When John began to preach in the wilderness, crowds flocked to see Him. He baptized those who confessed their sins but rebuked the pious religious leaders for their self-reliance (Matthew 3:7-10). After 400 years without a prophet, people rushed to John, wondering if he might be the Christ, the one for whom they as a people had been waiting for centuries. John pointed them to One more powerful than himself who was to come — Jesus. While John baptized with water as a sign of repentance, Jesus would baptize with the Holy Spirit and fire (Matthew 3:11).
The power Jesus demonstrated in His baptism differed from John’s to an infinite degree. To observers, their physical actions looked similar.
While both used water, Jesus’ baptism pointed to an imminent change, the time when God would take up residence in the lives of believers through the person of the Holy Spirit.
Each of the Gospel writers reference this distinctive element of Jesus’ work (Matthew 3:11, Mark 1:8, John 1:33), foreshadowing the nature of the Trinity: one God in three persons — Father, Son, and Holy Spirit.

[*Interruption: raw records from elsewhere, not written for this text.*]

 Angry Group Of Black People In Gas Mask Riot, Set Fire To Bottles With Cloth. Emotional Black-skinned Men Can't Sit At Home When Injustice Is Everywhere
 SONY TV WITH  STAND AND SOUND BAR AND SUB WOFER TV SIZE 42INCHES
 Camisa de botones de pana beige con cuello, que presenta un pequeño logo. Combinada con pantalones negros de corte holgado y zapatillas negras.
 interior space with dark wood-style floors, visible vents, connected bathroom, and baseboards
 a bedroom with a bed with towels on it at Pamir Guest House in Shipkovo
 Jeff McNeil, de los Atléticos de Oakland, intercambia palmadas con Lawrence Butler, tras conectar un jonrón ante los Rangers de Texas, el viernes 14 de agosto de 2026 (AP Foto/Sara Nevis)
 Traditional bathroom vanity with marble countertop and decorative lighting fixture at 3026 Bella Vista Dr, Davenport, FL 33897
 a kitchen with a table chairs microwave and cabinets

During Jesus’ earthly ministry, His disciples experienced power for immediate tasks in Jesus’ name (Luke 10:17-20). While the disciples relished these experiences, Jesus knew they would soon experience a substantively different reality — something that could only happen when He returned to His Father (John 16:7). Before He ascended into Heaven after His resurrection, Jesus commanded His disciples not to leave Jerusalem but to wait for the gift His Father had promised, the Holy Spirit (Acts 1:4-5). Once the Holy Spirit came in fullness, the Holy Spirit’s filling became the confirmation that God had accepted people by grace through faith in Jesus. This grace extended even to Gentiles who had not kept the Law of Moses (Acts 11:15-17).

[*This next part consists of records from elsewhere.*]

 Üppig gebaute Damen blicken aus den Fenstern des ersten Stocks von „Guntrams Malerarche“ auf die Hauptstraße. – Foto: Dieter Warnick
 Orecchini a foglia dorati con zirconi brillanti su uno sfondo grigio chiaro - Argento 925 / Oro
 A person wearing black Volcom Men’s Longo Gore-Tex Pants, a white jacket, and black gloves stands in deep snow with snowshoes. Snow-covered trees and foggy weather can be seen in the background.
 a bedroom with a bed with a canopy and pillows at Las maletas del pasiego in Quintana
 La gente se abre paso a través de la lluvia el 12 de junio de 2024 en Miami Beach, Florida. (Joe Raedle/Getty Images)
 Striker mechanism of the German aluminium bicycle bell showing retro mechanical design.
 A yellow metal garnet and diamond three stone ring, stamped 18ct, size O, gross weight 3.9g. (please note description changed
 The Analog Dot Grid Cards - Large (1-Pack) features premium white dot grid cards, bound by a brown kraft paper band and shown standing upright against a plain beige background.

Throughout His ministry, John stated firmly that Jesus must become greater while he became less (John 3:30). John understood that he was responsible for preparing the way for Jesus, calling people to repentance. Jesus affirmed this role, stating that John was a great man (Matthew 11:10-11) who had faithfully fulfilled his purpose. During his life, John never confused his role or ministry with that of Jesus. He knew Jesus was the Lamb of God who would take away the sin of the world — One who was more powerful than himself and greater in all possible ways (John 1:36).
Excerpted from The Jesus Bible, copyright Zondervan.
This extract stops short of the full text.